ERBIL, Kurdistan Region (Kurdistan 24) – The Prime Minister of Iraq has become arrogant and does not want to resolve issues with the Kurdistan Region through dialogue, according to a Kurdish lawmaker.
“Abadi isn’t thinking straight. He is riding the waves of success, especially after declaring victory over Da’esh [Islamic State (IS)], and, according to them, over the Kurdistan Region as they took control of Kirkuk, Shingal (Sinjar), and other [disputed] territories,” Arez Abdulla, head of Kurdistan Patriotic Union (PUK) faction in the Iraqi Parliament, told Kurdistan 24 on Monday.
The Member of Parliament claimed Iraqi Prime Minister Haider al-Abadi was not interested in resolving disputes between Erbil and Baghdad.
“Abadi is feeling haughty. He deals with the Kurdistan Region with the extreme arrogance,” Abdulla continued. “It is true that his policies damaged the Kurdistan Region, but eventually, it will negatively affect him.”
Ties between the Kurdistan Regional Government (KRG) and the Federal Government of Iraq have considerably deteriorated following the Sep. 25 referendum on independence in Kurdistan.
Baghdad imposed punitive measures and an embargo on the Kurdistan Region and asked for the full annulment of the referendum results as a pre-condition to any dialogue.
“The federal government’s demands on the KRG are obstacles to launching a constructive dialogue,” the Kurdish lawmaker continued. “Saddam Hussein [former Iraqi Dictator], despite all the power he had, never put conditions on negotiations, and instead, first convened with the party in question to discuss.”

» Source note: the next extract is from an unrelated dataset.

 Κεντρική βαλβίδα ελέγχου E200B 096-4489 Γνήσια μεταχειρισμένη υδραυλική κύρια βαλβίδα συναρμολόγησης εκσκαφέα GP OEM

Abdulla stated that it is possible for both Erbil and Baghdad to disagree on some issues, but asserted that imposing pre-conditions was an indication Abadi has no real desire or intention to resolve the current disputes.
He also asserted that the Iraqi Premier not only wants to decrease the KRG’s power but also shrink its borders to the 2003 line of contacts, meaning that many of the current districts and neighborhoods of Erbil province would fall into the hands of the Federal Government of Iraq.
The KRG has offered to freeze the results of the referendum as a show of goodwill for talks with Baghdad to start. The international community, including France and Germany, has called on Baghdad to accept the KRG’s initiative and launch peaceful negotiations, but no progress has been made in this regard.